══ DATA SUPPLIED ══

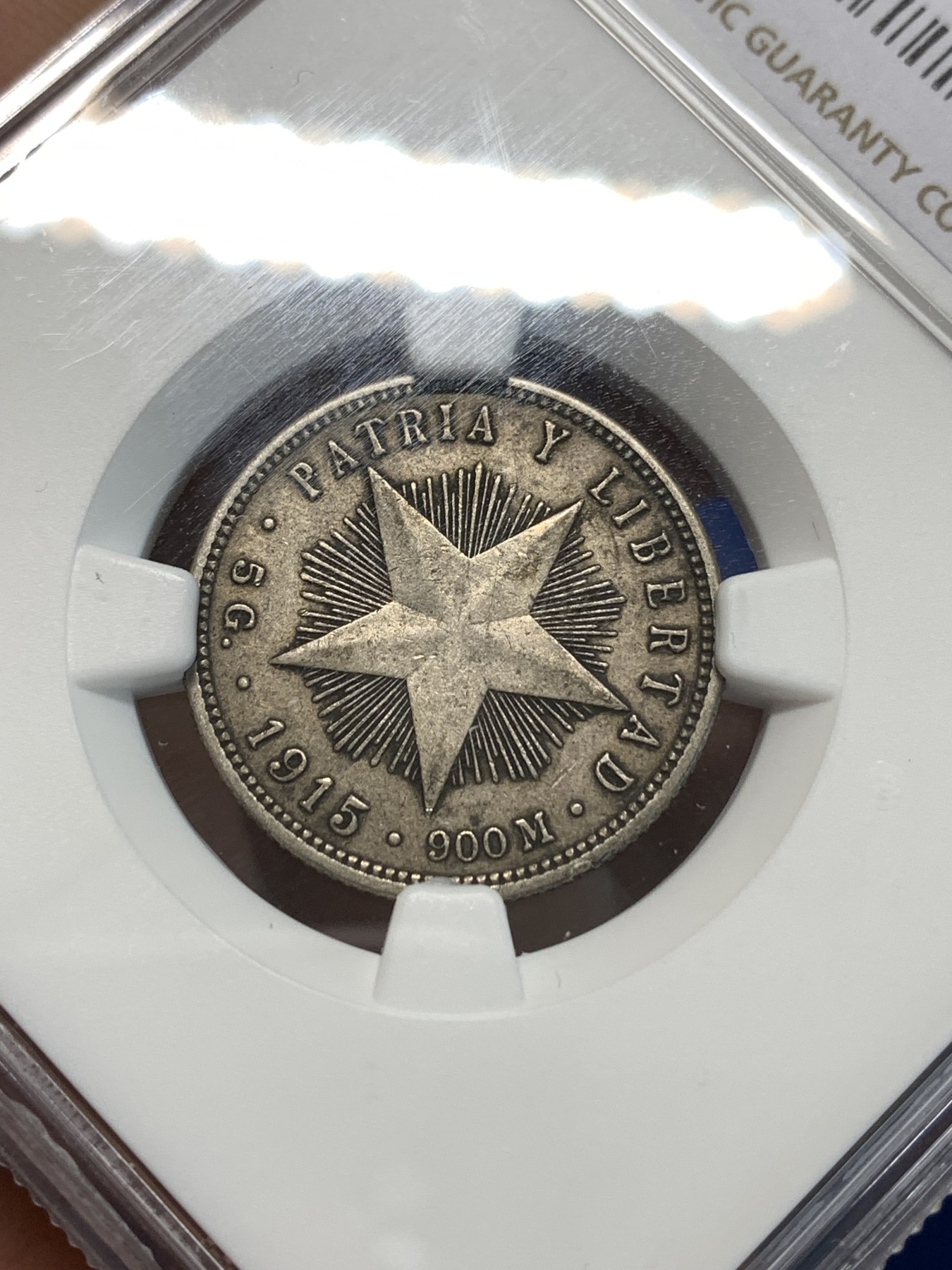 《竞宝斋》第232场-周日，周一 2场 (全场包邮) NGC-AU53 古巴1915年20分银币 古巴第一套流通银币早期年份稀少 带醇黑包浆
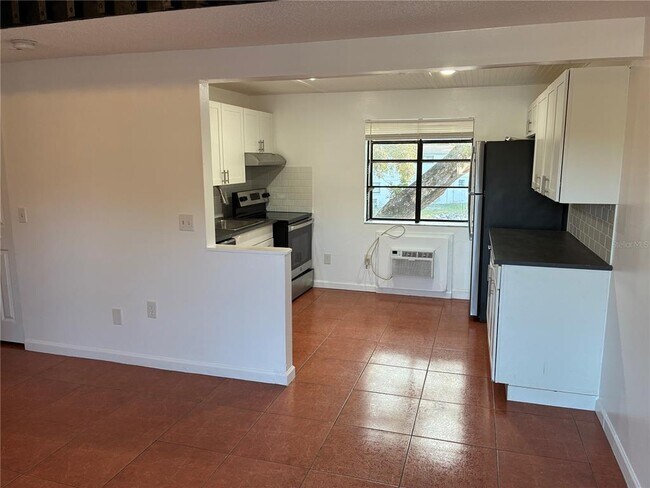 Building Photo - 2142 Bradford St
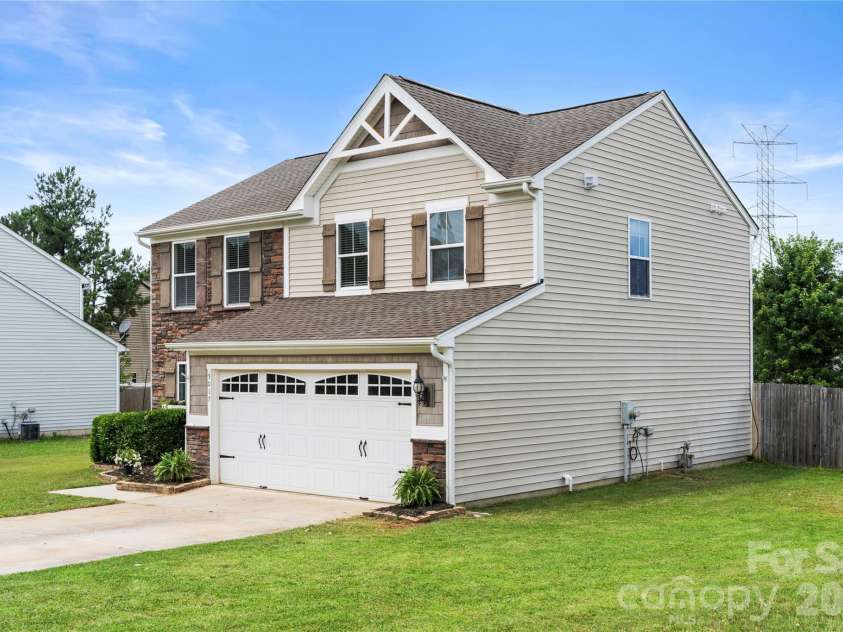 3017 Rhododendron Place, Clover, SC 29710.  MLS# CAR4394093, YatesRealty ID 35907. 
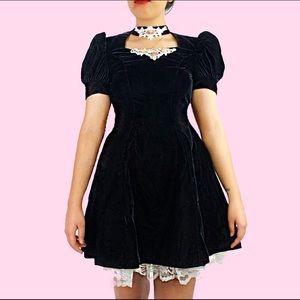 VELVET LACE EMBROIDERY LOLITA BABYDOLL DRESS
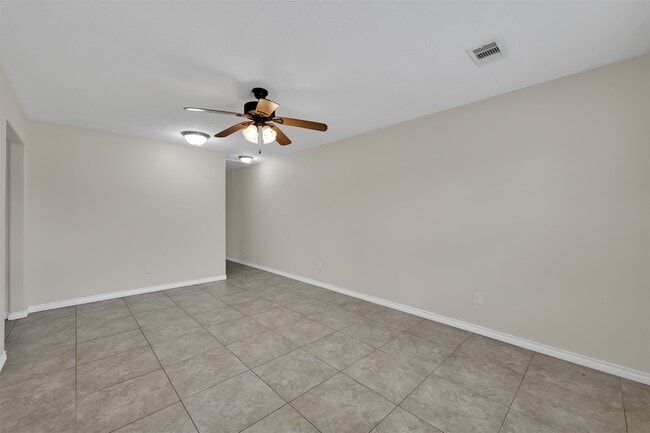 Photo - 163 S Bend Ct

═══

* TASK GOAL
Everything in the records except the pictures is to be repeated exactly.

* EXPECTED ANSWER
 《竞宝斋》第232场-周日，周一 2场 (全场包邮) NGC-AU53 古巴1915年20分银币 古巴第一套流通银币早期年份稀少 带醇黑包浆
 Building Photo - 2142 Bradford St
 3017 Rhododendron Place, Clover, SC 29710.  MLS# CAR4394093, YatesRealty ID 35907. 
 VELVET LACE EMBROIDERY LOLITA BABYDOLL DRESS
 Photo - 163 S Bend Ct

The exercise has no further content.